‘The Trump hangover’: Former Surgeon General Jerome Adams says he’s ‘stigmatized’

Call the waaaambulance!

The former surgeon general under President Trump is suffering from a “Trump hangover,” and according to him, it’s making his life “difficult.”

Jerome Adams, who served under former President Donald Trump from September 2017 to January 2021, says he’s been a victim of what he and his wife, Lacey, like to call the “Trump Effect.”

Speaking to The Washington Post, the duo says, in his quest to score a job after leaving D.C., Adams has been politely rejected by universities and corporations who feel he is “too tainted to employ.”

The stigma of serving under Trump “followed them from Washington to their home in the Indianapolis suburbs,” WaPo writes. “They felt it when he was exploring jobs in academia, where he would receive polite rejections from university officials who worried that someone who served in the administration of the former president would be badly received by their left-leaning student bodies. They felt it when corporations decided he was too tainted to employ.”

Adams complained that Trump is “a force that really does take the air out of the room.”

“The Trump hangover is still impacting me in significant ways,” he said.

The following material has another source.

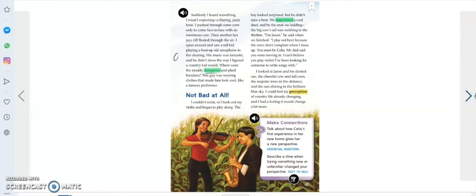I looked at Jason and his dented sax, the cheerful cow and tall corn, the majestic trees in the distance, and the sun shining in the brilliant blue sky. I could feel my perception of country life already changing, and I had the feeling it would change a lot more.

It was the perfect setup for WaPo’s latest hit piece against the former president, who has recently announced his third bid for the White House:

The former surgeon general’s predicament underscores one of the givens of today’s political environment: Association with Trump becomes a permanent tarnish, a kind of reverse Midas touch. Whether indicted or shunned or marginalized, a cavalcade of former Trump World figures have foundered in the aftermath of one of the more chaotic presidencies in modern American history.

 

The vitriol virtually oozes from the page.

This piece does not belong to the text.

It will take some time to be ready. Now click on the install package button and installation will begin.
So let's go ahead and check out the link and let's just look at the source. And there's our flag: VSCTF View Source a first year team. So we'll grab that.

“Lacey saw it coming,” WaPo reveals. “She said she ‘hated Trump’ and did not want her husband to leave his comfortable life in Indiana, where he practiced anesthesiology and served as state health commissioner under then-Indiana governor Mike Pence, who was Trump’s vice president when Jerome became surgeon general.”

The outlet states that Lacey feared “a lasting ‘stigma'” should her devoted husband take the job, but Jerome “thought he could make a bigger difference inside the administration than outside it, especially when it came to his efforts to combat opioid addiction.”

WaPo writes:

Now Jerome bristles at his forever label as “Trump’s surgeon general,” an image sealed by his highly public role during the much-criticized early White House response to the coronavirus pandemic. Other surgeons general, he feels, have been less intensely identified with the president who appointed them, permitting them to glide into a life of prestigious and sometimes lucrative opportunities, unencumbered by partisan politics.

Not him.

 

Lacey says it took Adams eight months to land a job after leaving the nation’s capital. “It was a lot harder than he thought to find a landing spot because of the Trump Effect,” she claimed.

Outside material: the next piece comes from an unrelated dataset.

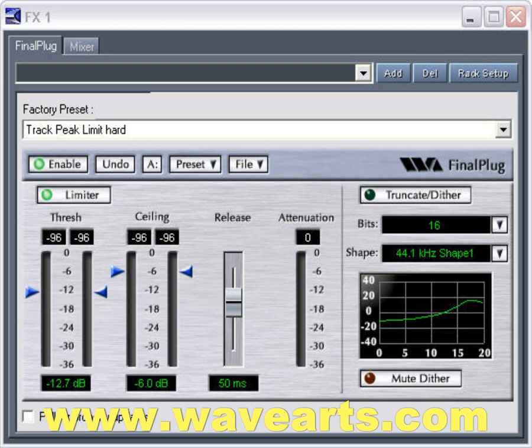And those are the basics of final plug. If you want more detailed information on this plugin I'd recommend going to WaveArt's website shown here. In the meantime have fun with this plugin.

Adams insists he’s “not complaining,” he’s simply adding “context.”

Conveniently, the “context” supports WaPo’s long-held anti-Trump rhetoric.

“People still are afraid to touch anything that is associated with Trump,” he said.

Or maybe, just maybe, his difficulty finding a new gig has something to do with the fact that, as Surgeon General, the wishy-washy Jerome Adams got just about everything wrong, as The Washington Post — presumably unintentionally — points out:

He has battled on social media over his recommendation that people continue to wear masks in crowded indoor settings, his criticism of President Biden’s declaration of an end to the pandemic and about his advocacy for coronavirus vaccinations for children and for adults to get booster shots. He takes heat from the left for a pro-life stance on abortion and from the right for his opposition to laws that dictate what a doctor can say to a patient about abortion.

 

Now, we can’t say for certain if it affected his ability to get hired, but even the CDC has admitted that masks had little impact on the spread of COVID-19.

And recent data on the vaccine indicates it isn’t actually protecting anyone from the virus, as the Washington Post has recently admitted.

But evidently, personal accountability isn’t Adams’ thing.

He’s too busy worrying about Trump’s newly launched 2024 campaign, which, according to him, “will make things more difficult for me.”